Thanks for the kind words. Yes, the brake situation will be thoroughly investigated.

The build: It is a pretty standard 400 based 452 with a steel 440 crank. Compression I believe is around 10:1 as it runs on pump 91 as that is what most stations here carry although I have been told the 91 was really 93. As the refinery closed about 3 years ago no idea if that is still the case, especially as the refinery which was functioning as a tank farm is even closing that so fuel is currently coming in on tanker trucks from Puerto Rico on local freighters. Might be time to plant sugar cane on our acreage and switch to ethanol for the RR and the 88 and castor oil based biodiesel for the 109. Heads are Edelbrock Performer RPMS that have been cleaned up with a decent valve job by Dan Costello. Cam is a solid roller, invoice says 257/267 with .600 lift. Not sure if that is at .050 off the seat or not, I expect so. Obviously I will never have the cam card. Rockers are Harland-Sharp 1.6 ratio. Tunnel ram is a Weiand for a low deck, carbs are Holley Ultra HP 600's
Headers are Hooker Comps (5903 HKR), painted with VHT header paint, both the primer and white top coat. Way back when Dan modified the Mopar distributor for advance etc.

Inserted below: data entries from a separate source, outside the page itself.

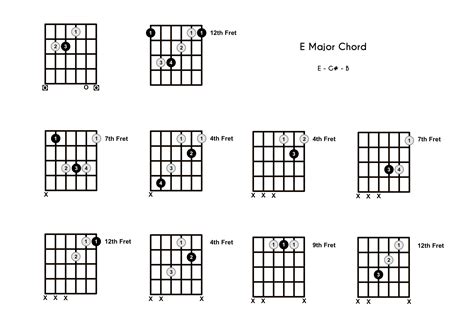 E Chord on the Guitar (E Major) - 10 Ways to Play (and Some Tips/Theory)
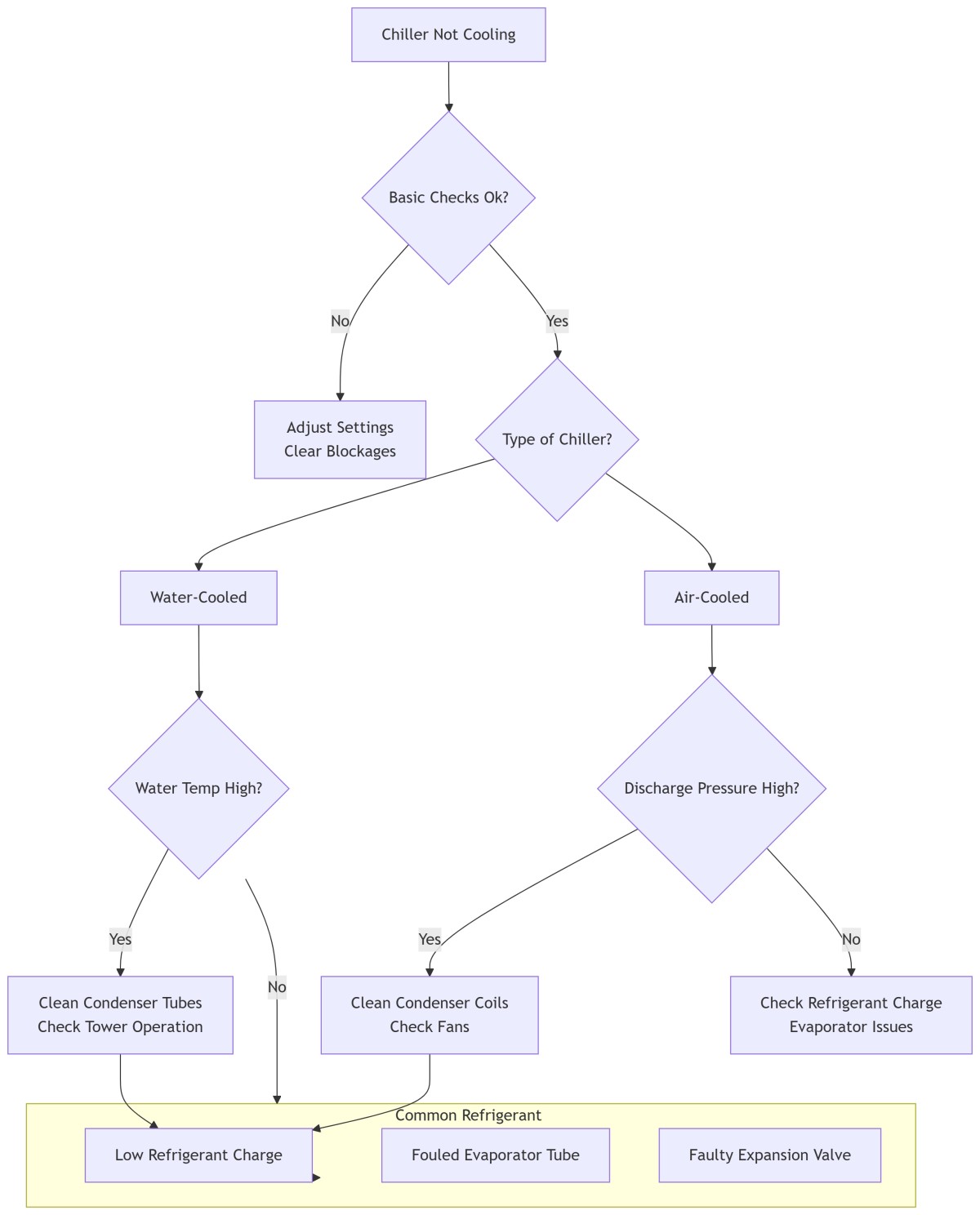 Why isn't your industrial chiller make cooling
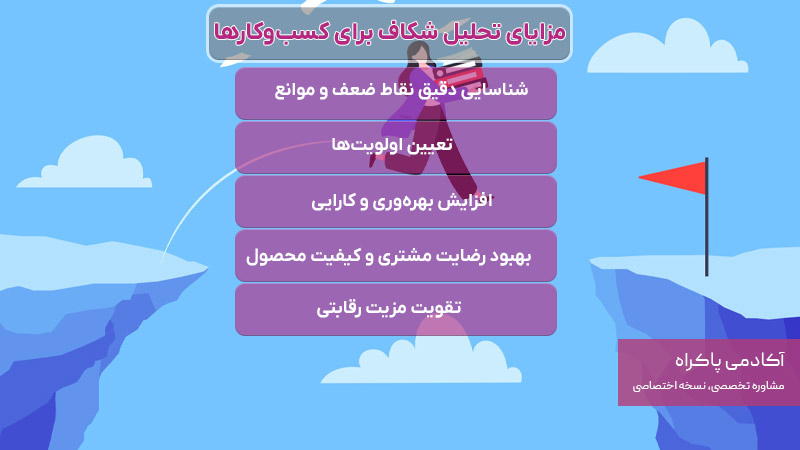 مزایای تحلیل شکاف برای کسبوکارها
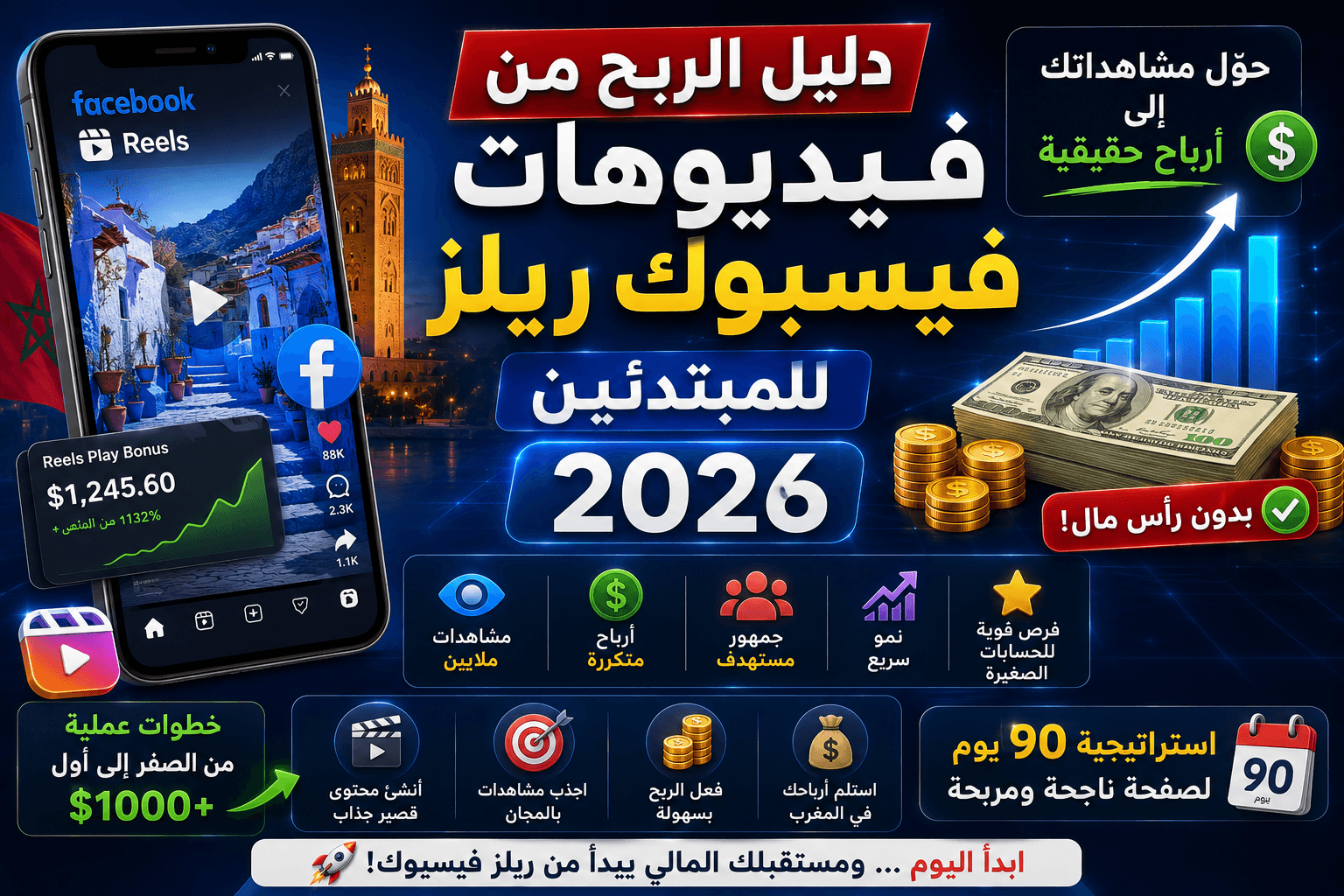 دليل الربح من فيديوهات فيسبوك ريلز (Reels) للمبتدئين 2026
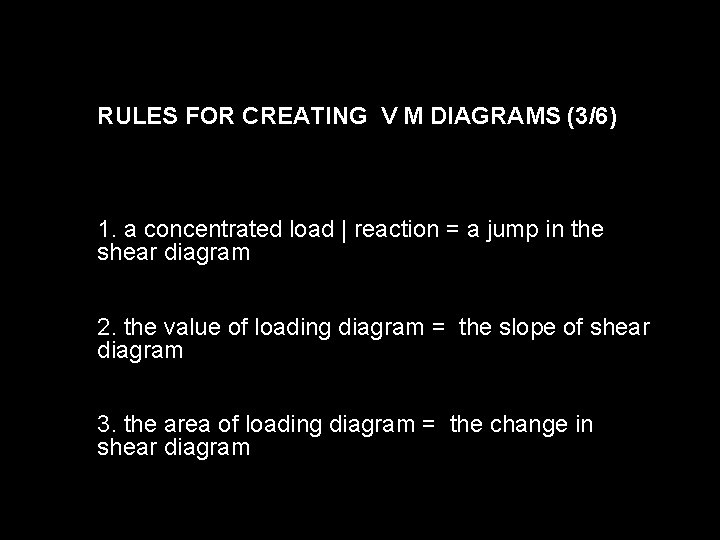 RULES FOR CREATING V M DIAGRAMS (3/6) 1. a concentrated load | reaction =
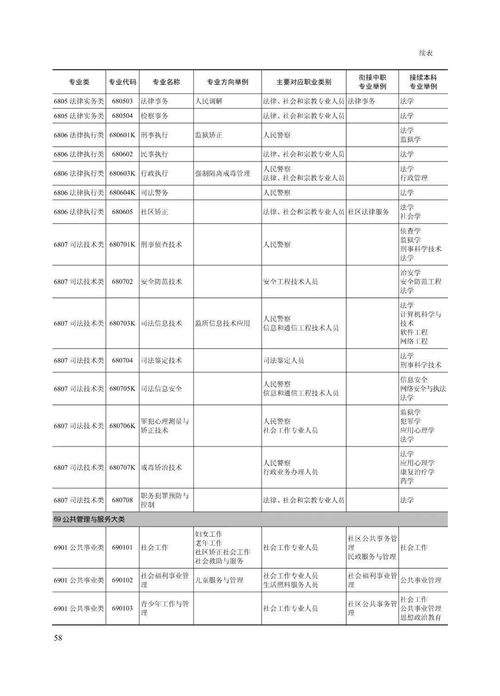 山西职业技术学院招生专业目录及有哪些院系(参考)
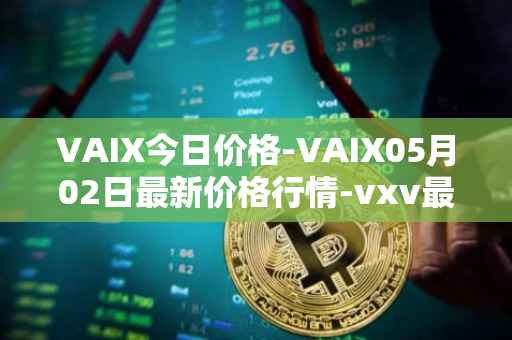 VAIX今日价格-VAIX05月02日最新价格行情-vxv最新走势消息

Flywheel is a Mcleod aluminium 143 tooth, new as the old flywheel was too far gone. I like the concept of just replacing the steel inserts as needed. The clutch is a Tim Hyatt built Mcleod based soft lock. Bell housing standard Lakewood. Tranny is a 23 spline, I rebuilt it a few years back with parts from Jamie Passon. Rear is a Strange S-60 with a tru-trac and 4.3 gears.

A few wiring issues from sitting have to be sorted but nothing insurmountable.

I never got the final dyno sheets but some ones from before it was finally tuned were in the 550 ft-lbf range for torque and a little under that for HP, which Dan thought was a timing issue.

There actually is a chassis dyno down here so might put it on there to see what it gets but primarily to check installed in car air fuel ratios etc.

I got David Vizard's book How to super tune and modify Holley carburetors which was very informative. When I get a wideband it will be useful if anything seems off.

Oh, right, YouTube, duh. Will post the videos, they are not very
exciting but gives the flavor of the place.